Would you go ahead, and approve the sale of lemmings – even if investors did not understand the risk? Or would you dig in your heels and insist that the lemming structure was reviewed, or carried a high-profile health warning?
On Thursday, exactly this question was posed to the sombre-suited participants of a conference organised by London’s venerable Securities and Investments Institute. And in some senses the results were cheering: over 70 per cent of the audience voted to block the lemming deal in an anonymous poll, taken after the participants had discussed the issue with neighbours.
But then the organisers presented a chart which highlighted a more sobering point: when the SII has done these tests before, it has typically found that the proportion of bankers who block risky trades falls dramatically when participants do not discuss the issue with their neighbour first – even if they vote anonymously.
When it comes to taking the moral high ground – at least in relation to the sale of lemmings – the critical issue is whether bankers are forced to talk to their neighbours, or not, or so the SII concludes.
So far, so unsurprising, you might say (although I cannot help wondering about the 30 per cent of the audience who still wanted to do the lemming deal in some shape or form).
But the poll findings carry much wider implications. These days, it is a truism to point out that one reason for the decade’s financial excesses is a flawed set of incentive and management structures inside banks. A veritable army of management consultants is already offering reams of complex advice on how to fix these flaws.
But as the SII debate shows, there is one simple step that might help improve matters inside the financial world: bankers should be forced to talk about their business with a wide pool of colleagues, including those outside their immediate silo, rather than just their bosses alone.
Some banks, of course, already claim to do just that. Institutions such as Goldman Sachs, for example, try to ensure that different business silos have ways of watching what each other does. They also invest heavily in creating a holistic risk management culture: Goldman Sachs’ risk systems, for example, are run by Gerry Corrigan, the former New York Federal Reserve president, who makes a virtue out of sticking his nose into as many dark corners as possible and trying to encourage firm-wide debate.
But, at many other banks, the corporate culture this decade has seemed akin to warring Afghan tribes: silos typically exist in fierce competition and only interact at the very top of the organisation. Thus, oversight tends to occur in a vertical sense, down the hierarchy, rather than across a wider group, and bankers would sooner die rather than talk about their doubtful deals with other groups.
So if I was a senior bank executive wondering how to force bankers to become reacquainted with their consciences, or at least demonstrate to shareholders that I cared about the issue, here are some suggestions for the “to do” list. First, banks should get their employees to take the SII “lemming” test, or versions of it, both with and without audience debate beforehand; second, they should organise a wider discussion of these results across the bank.

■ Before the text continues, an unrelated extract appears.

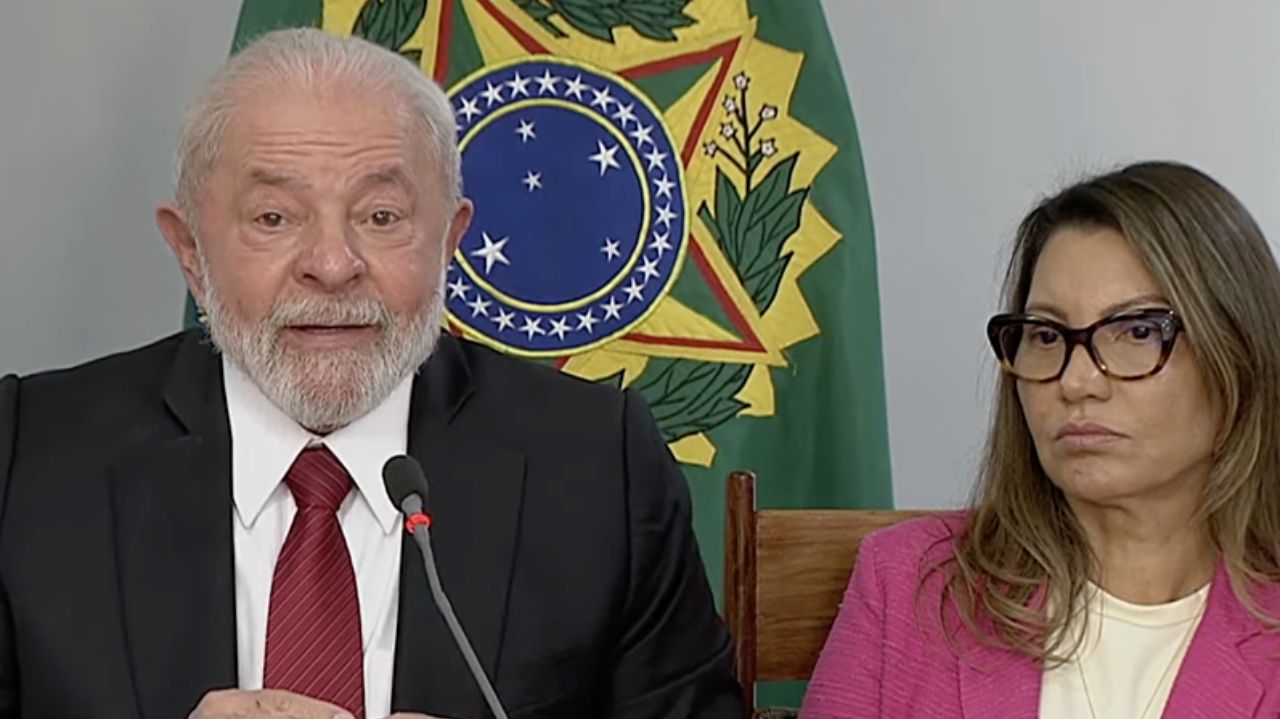 Lula falando em microfone ao lado de Janja, que está com roupa rosa e expressão séria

But, third, they should take a leaf out of the book of other organisations, such as the British army, and find ways to ensure that specialist silos can interact with each other at all levels of the bank, to ensure some mutual oversight, rather than just at the top. After all, it is not just sunlight which can be a good disinfectant; so too can common sense and talk – particularly given the real-life lemming-like deals that have proliferated in recent years.